Rome’s Fiumicino airport is testing a pioneering tarmac developed by an Italian company, made of a material that has twice the lifespan of traditional asphalt and is better for the environment as it uses a waste plastic.
The graphene-enhanced tarmac has been laid on one of the airport’s busiest runways, used by heavy class aircraft such as Boeing 777s and Airbus A380s.
The asphalt contains an additive called Gipave, containing graphene, which is derived from graphite, and a particular plastic that would not normally be recycled but rather sent to waste-to-energy plants.
“We will test this technology for about one year… If it gives the results we hope for, it will be our interest to use it as extensively as possible,” said Giorgio Gregori, head of infrastructure development at Fiumicino airport.
The testing comes at a time when companies are developing technologies to produce less polluting plastics or materials which use waste plastics in novel ways.
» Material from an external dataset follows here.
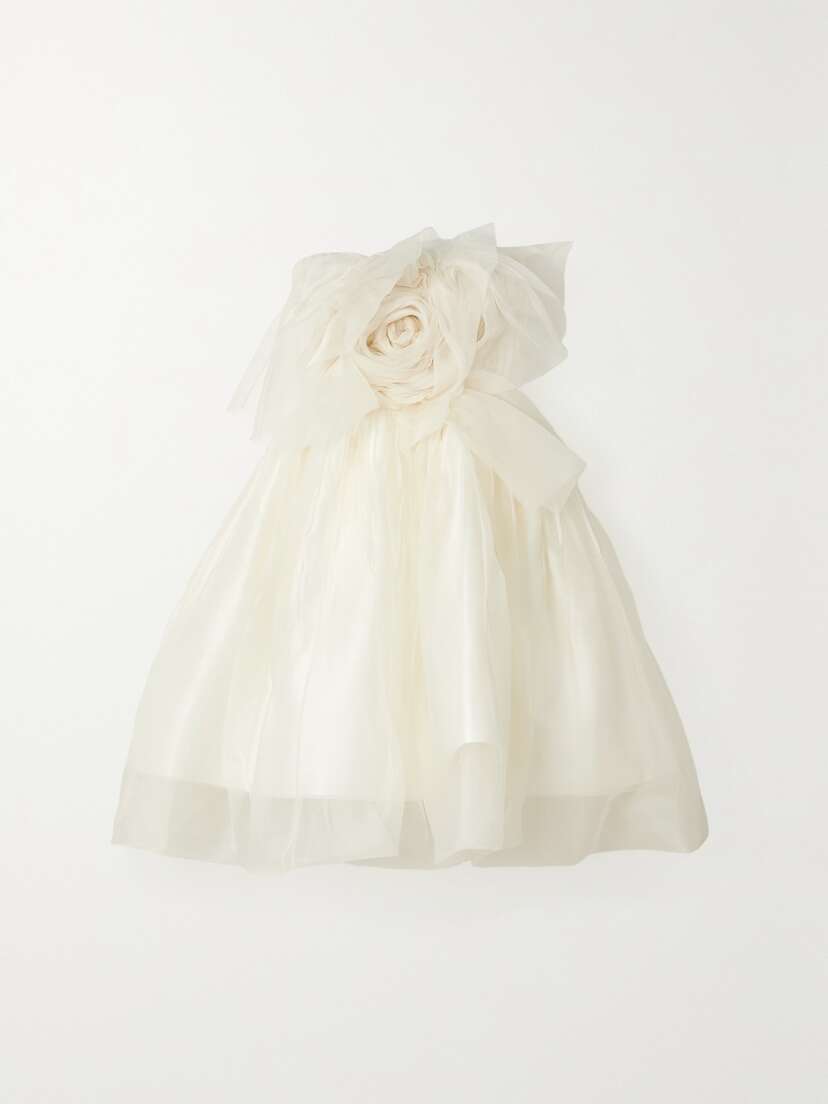 Danielle Frankel Lottie Strapless Appliquéd Silk-organza Mini Dress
Many countries, including Italy, are trying to limit the use and production of plastic goods.
Fiumicino, managed by Aeroporti di Roma (ADR), a company owned by infrastructure group Atlantia, is Italy’s largest airport in terms of passenger traffic, with over 40 million passengers travelling through it.
The new technology was developed by Iterchimica, a company which makes products to enhance asphalt, graphene-maker Directa Plus, A2A’s recycling and waste management unit G.Eco and the University of Bicocca in Milan, which analysed its environmental impact.
Federica Giannattasio, Chief Executive of Iterchimica, told Reuters the asphalt had gone through three years of trials in their labs and had been laid on a traffic-intense road over a year ago.
Giannattasio added that “the advantages of this material… are multiple”, explaining that it uses a recycled plastic, it lasts longer and requires less maintenance.
The new tarmac will also give the runway greater resistance to vehicles and deformation.
Despite costing more than traditional tarmacs, the greater life-span and the lower maintenance make it less costly in the medium and long-term.
The runway material can be “100 per cent recycled, which can reduce the extraction of new materials from quarries and first-use bitumen,” Directa Plus said in a statement.